Es un perro: tiene que salir un par de veces al día de paseo, al menos. El primer día, ok; el segundo ya fueron solo por la noche. “El trabajo”, “Los recados”, “No tengo tiempo”. De ahí pasaron a “Le dejo la comida puesta y agua y así no tengo que venir todos los días”. Y yo a miles de kilómetros.
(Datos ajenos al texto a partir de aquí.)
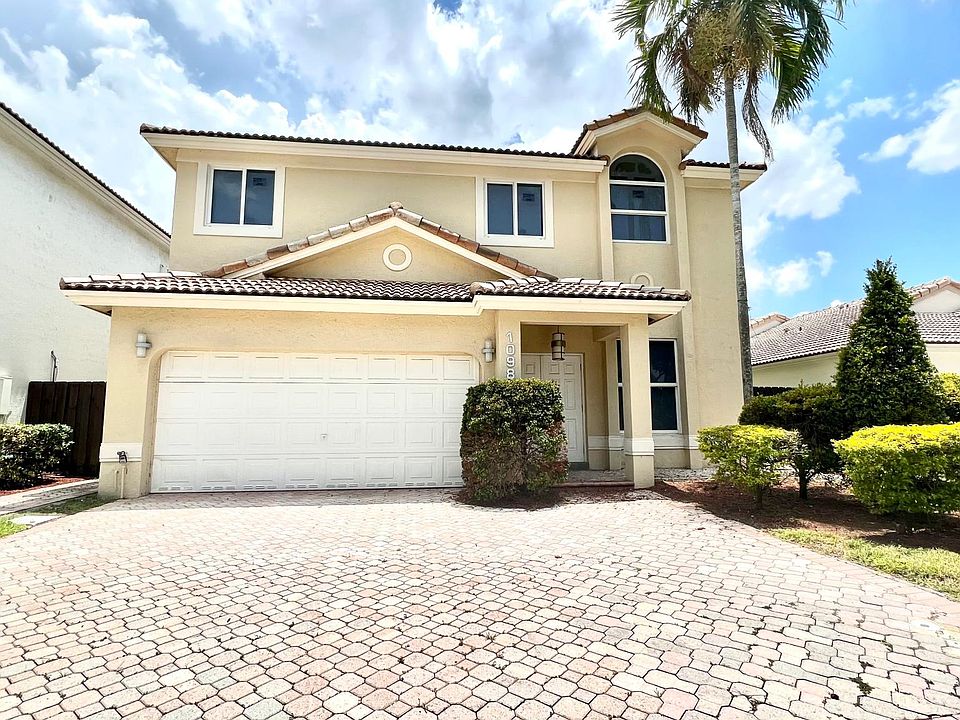 1st image of 10980 NW 73rd St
Empecé a buscar alternativas, mientras intentaba “disfrutar” del viaje. Ya no por mí, sino por no aguarle la fiesta a mis hijas. Llamé a amigos e intenté ponerme en contacto con vecinos, pero mis padres tenían las llaves de casa y era imposible quedar con ellos.

El perro enfermó

Mi padre, dándome gritos al otro lado del teléfono, me despertó (cambio horario) diciéndome que el perro estaba muy mal y que él no tenía tiempo para llevarlo al veterinario. No comía, no se movía… y habían vómitos y “mierda” por todos lados. “A mí no me gustan los animales, por eso no tengo”, me decía. “Si tanto lo quieres, vuelve”, repetía sin cesar. “Yo no pienso llevarlo al veterinario, ¡no es mi problema!”. A pesar de los Bizum, el llanto y la súplica, mis padres no llevaron el perro al veterinario.

Fue mi vecino el que, asaltando mi vivienda con mi autorización, consiguió entrar y llevar el perro al veterinario.

Pero fue demasiado tarde

El vecino fue el que se pasó mil horas en el veterinario, adelantó el dinero y acompañó a nuestro perro hasta el último momento. Una persona con la que cruzo una vez a la semana y con la que intercambio un saludo cordial. No sé en qué trabaja, no sé en qué invierte su tiempo libre ni qué dramas puede estar atravesando… pero, aunque fue demasiado tarde, se convirtió en ese ángel que hizo lo posible por ayudar a mi perro y estuvo a su lado cuando yo no pude. Incluso, se encargó de darle sepultura en una finca de su propiedad, a la que nos invitó una vez aterrizamos en casa.

Ahí lo conocimos, supimos dónde trabajaba y en qué invertía su tiempo libre. También compartió sus dramas, que eran muchos y dolorosos.

Perdí a mi familia, porque jamás les pienso perdonar su comportamiento egoísta. Perdí a mi perro, que me dejó el corazón hecho añicos; pero la vida nos envió al vecino del saludo cordial.

 

Relato escrito por una colaboradora basado en la historia real.